-------- ENTRIES SUPPLIED
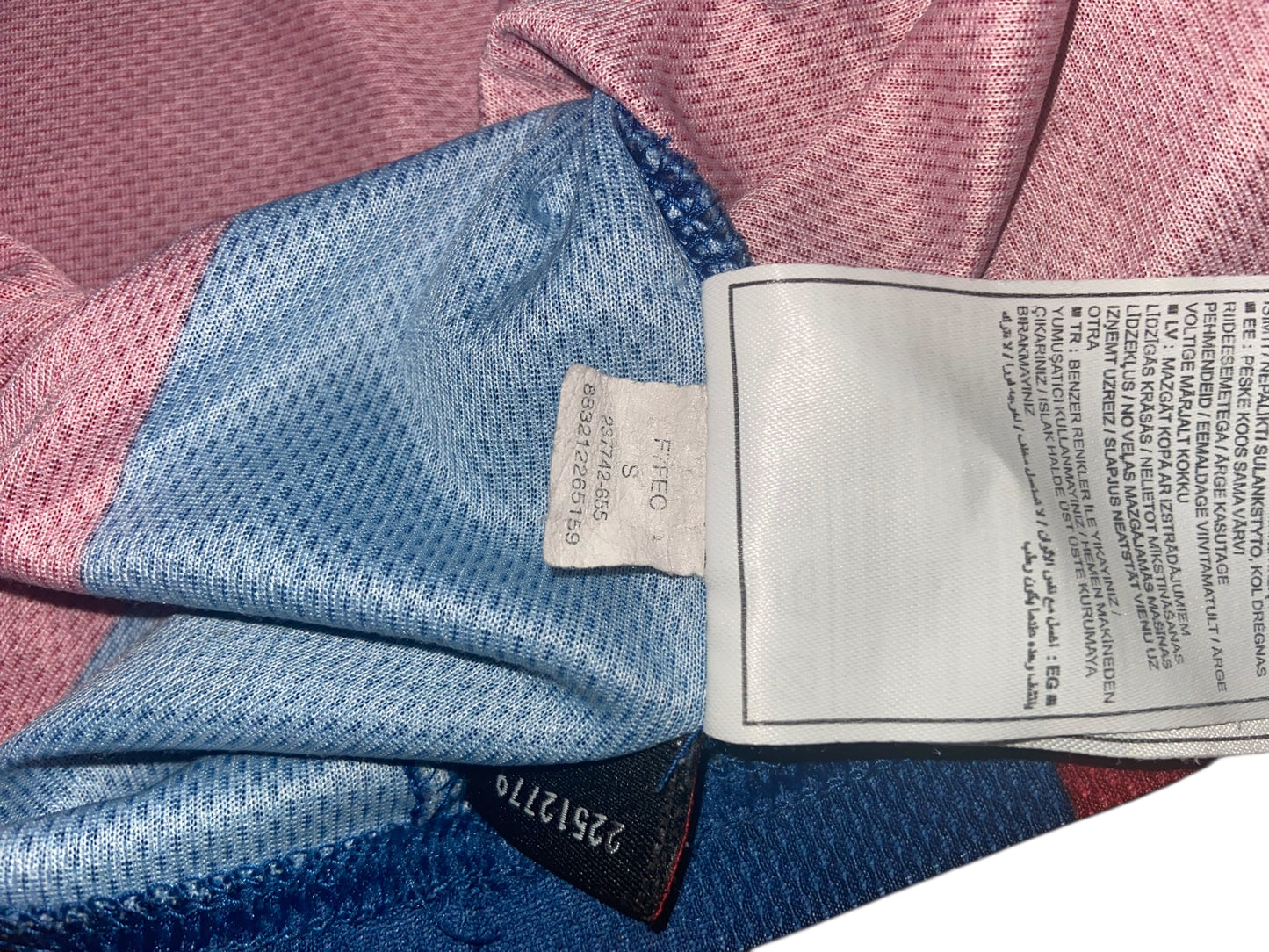 FC Barcelona 2007/2008 (S)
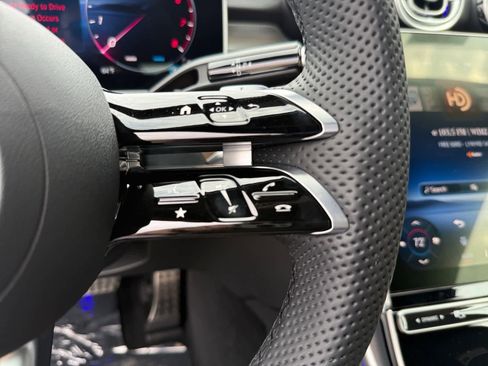 New 2026 Mercedes-Benz CLE 450 4MATIC Cabriolet image 22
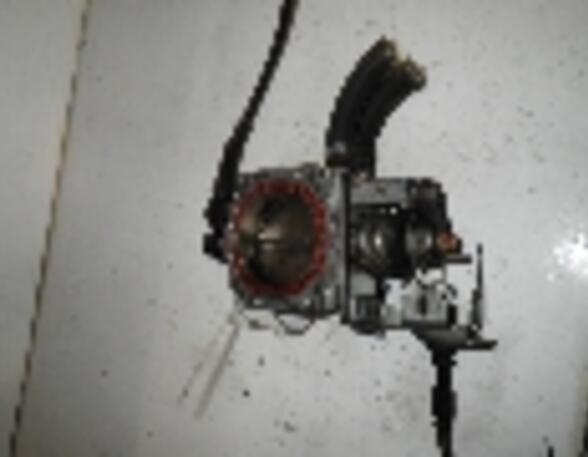 Throttle Body BMW 3er (E36)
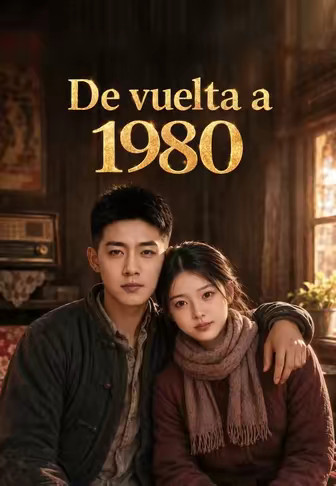 De vuelta a 1980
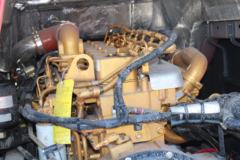 东风柳汽 新乘龙M3中卡 190马力 4X2 6.8米载货车底盘(LZ1166M3ABT) 东风柳汽 新乘龙M3中卡 190马力 4X2 6.8米载货车底盘(LZ1166M3ABT)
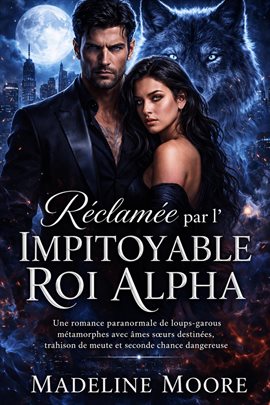 Réclamée par l'Impitoyable Roi Alpha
----------------
TRY IT
Starting at the line that contains "Throttle Body BMW 3er (E36)", transcribe each line through the last one of the entries above, exactly and without pictures.

RESPONSE TO THIS EXERCISE
 Throttle Body BMW 3er (E36)
 De vuelta a 1980
 东风柳汽 新乘龙M3中卡 190马力 4X2 6.8米载货车底盘(LZ1166M3ABT) 东风柳汽 新乘龙M3中卡 190马力 4X2 6.8米载货车底盘(LZ1166M3ABT)
 Réclamée par l'Impitoyable Roi Alpha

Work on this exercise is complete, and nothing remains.